Wednesday, December 26, 2012

Supper club in Sedona


I had an unusual Christmas Eve this year. My sister, whom I’m visiting in Sedona for the first time, arranged for us to go out to a “supper club” holiday dinner.

It’s sort of a mix between dinner theatre, a night club and the early-bird special. There was a four-course dinner and then a small, uh, entertainment group (singers, instrumentals and really, really bad patter). Evidently it was the first time this particular establishment has done this, and they hadn’t quite worked out the pre-show organizational bugs, but the food was actually quite good and the musicians were accomplished.

What they didn’t explain was that, in order to get more people into the venue, which isn’t that big, if you were a party of two, they sat you with another party of two. When we arrived at our table, we found that a (retired) couple from Seattle were already ensconced there and had eaten all the choice bits from the cheese platter.

This pot luck seating is one of the reasons I’ve never fancied taking a cruise. (The other one is that I am not what they call a good sailor and I’ve never seen the point in paying money to spend all my time hanging over the rail, if you catch my drift.) To be seated for five hours (less the 90 minutes of the two musical sets) with a prime example of the self-absorbed, self-satisfied inhabitants of the Emerald City was just plain mean.

In all the time I was there, the husband (John) asked me exactly one question about myself—where in the Bay Area I come from. That was just a foil for him to go off at great length about how he and the wife always go to San Francisco, “which is really comparable to Seattle, although it’s not as big”.
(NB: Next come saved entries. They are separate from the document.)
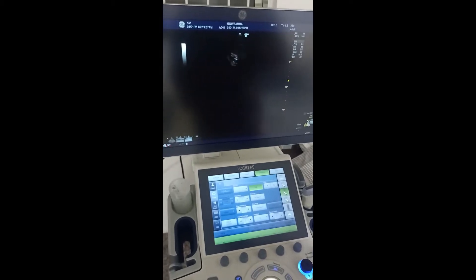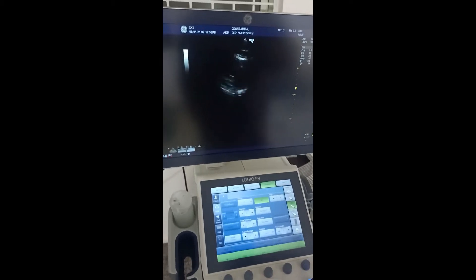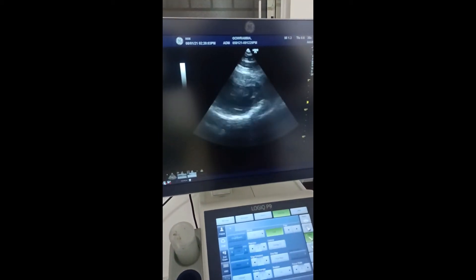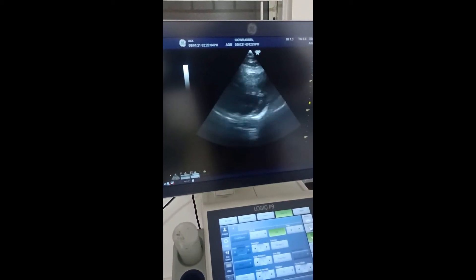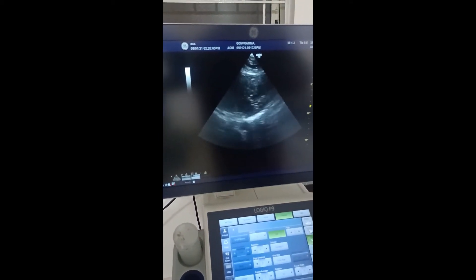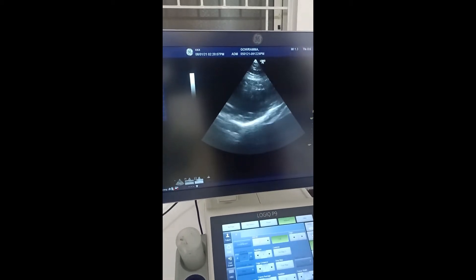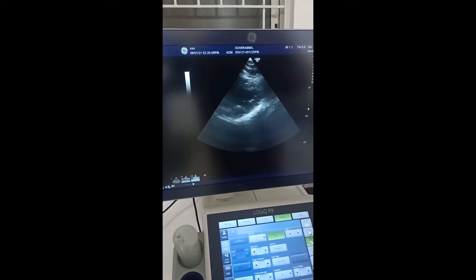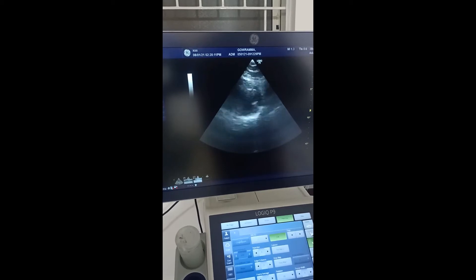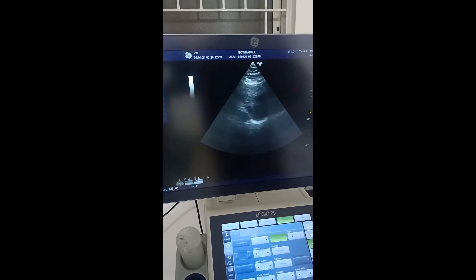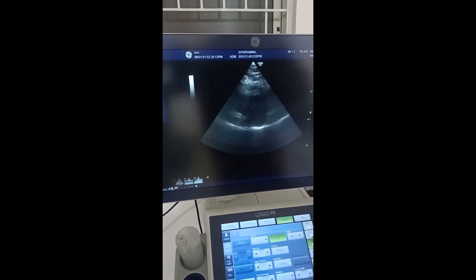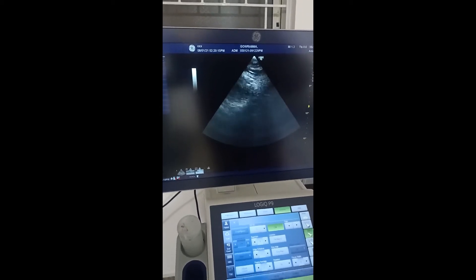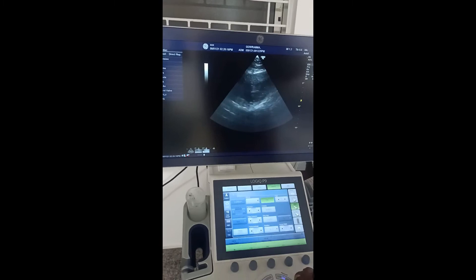Now you can see on the screen. I actually proved a small problem — you can touch it. This is the cardiac scan.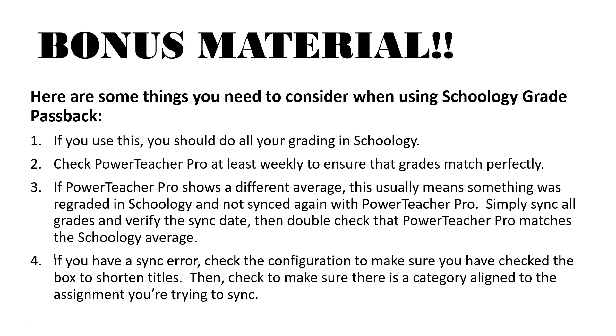Number two, check PowerTeacher Pro at least weekly to ensure that grades match perfectly. There could be some issues that happen and if you were checking PowerTeacher Pro you're able to see them and be proactive about getting them fixed.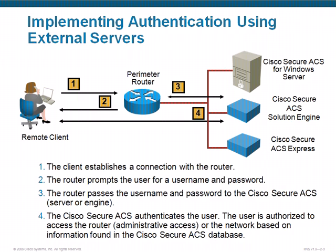When we look at the process of what goes on with full authentication, the idea is that somebody's connecting to my router and the router prompts them for username and password. But this time, instead of using its local database, the router takes the information and sends it out to the Cisco Secure ACS server. That server will do the authentication, say yes that's the correct username and password, and can also say they're authorized to use the router. It gives me the full line of authentication, authorization, and accounting that I want to use.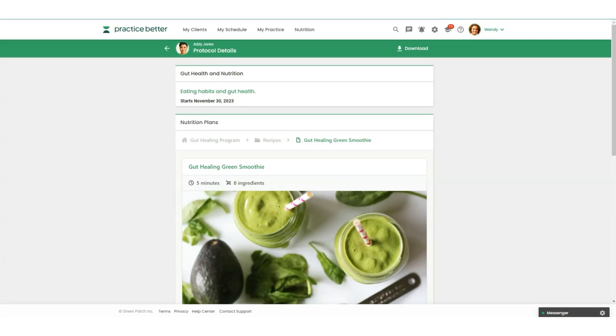Hello everyone. On behalf of the Practice Better and That Clean Life teams, we are thrilled to be launching the Practice Better That Clean Life integration.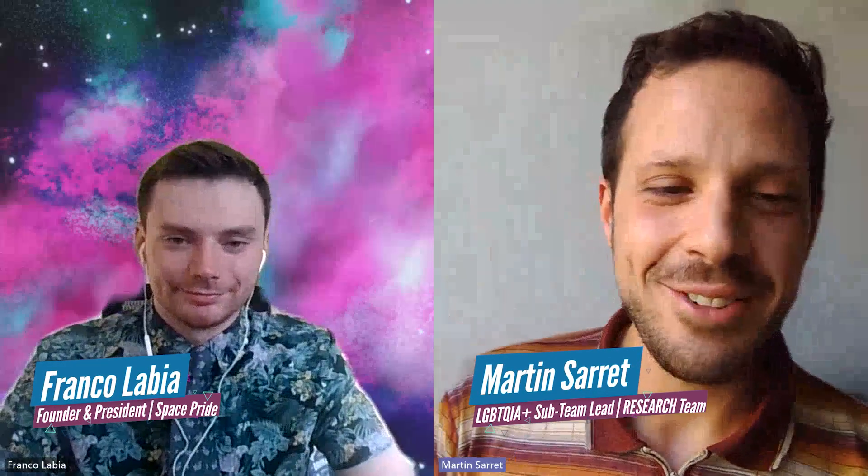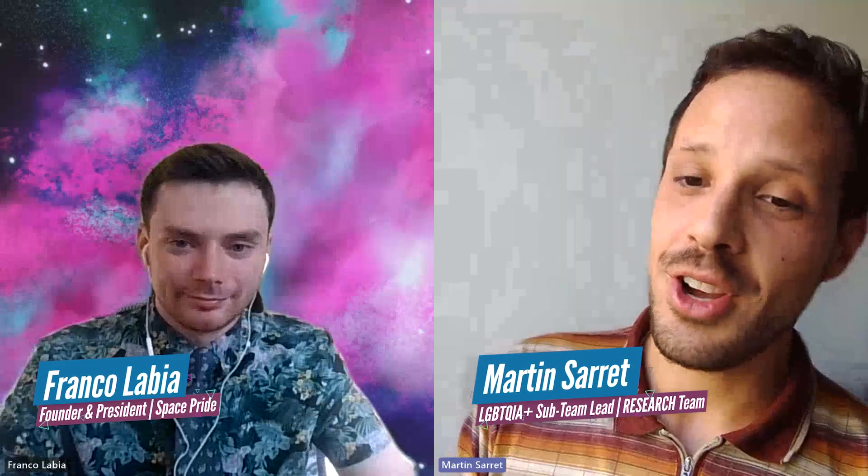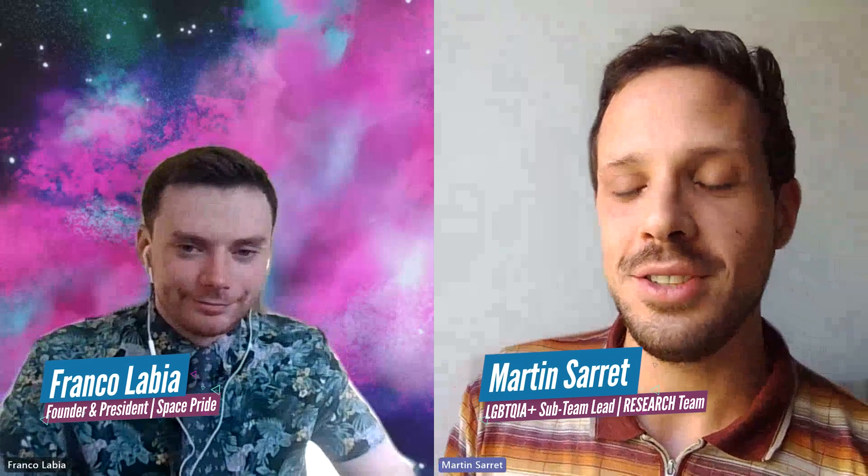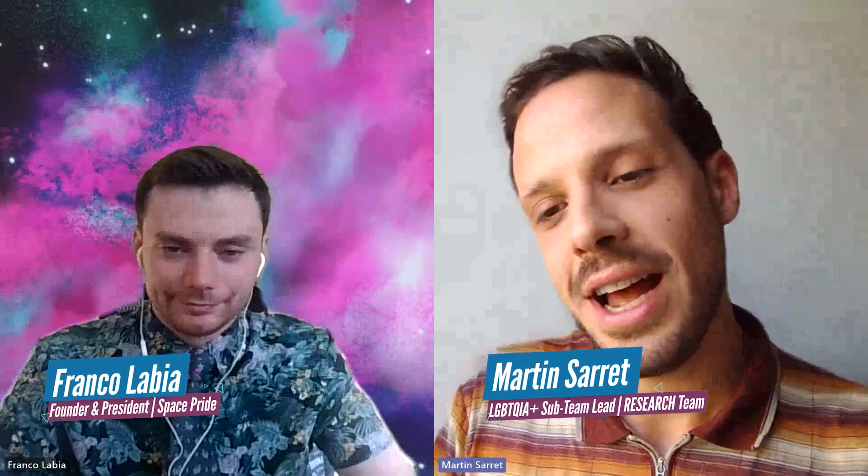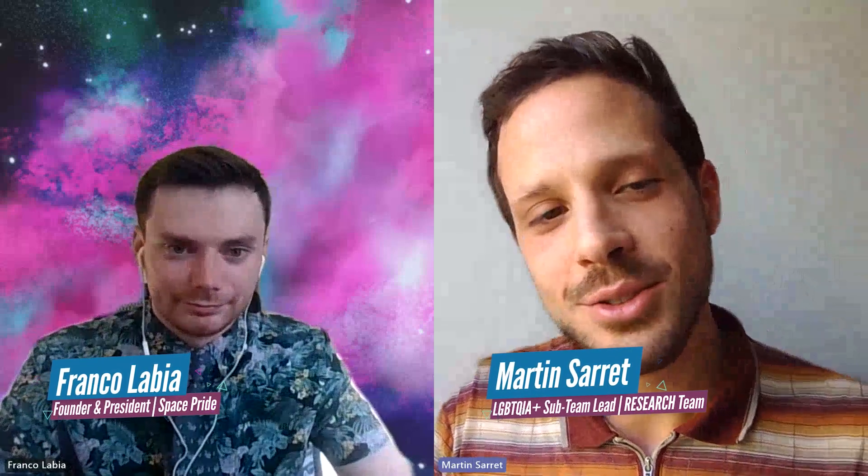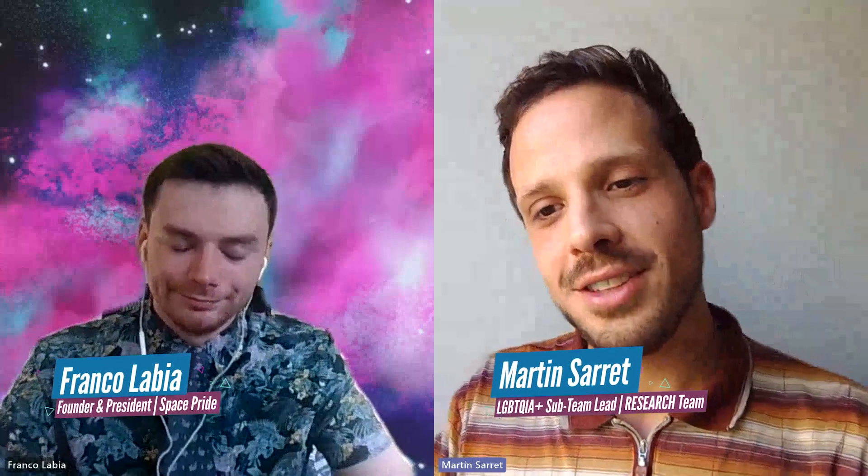Okay, good evening Ronko, and thank you so much for agreeing to have this little talk about this really exciting initiative that you set up for Space Pride. Yeah, it's great to be here. Thank you for having me.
Oh, in his bleeding dreams.

The entertainers are obviously well-known to the audience—I expect that in a town the size of Sedona, people get to know the local performers. (The Seattleites assured me that there’s a massive music scene here.) Plus—the fans were clearly well-oiled.

It was actually an enjoyable experience once I got over the whole bad-PNW-fairy thing. Definitely an experience I would ordinarily not have touched with a barge pole. So, hurrah for the Christmas spirit.

Today I’m on my way back to the Bay Area, glad for the break, for seeing my sister and for trying something different.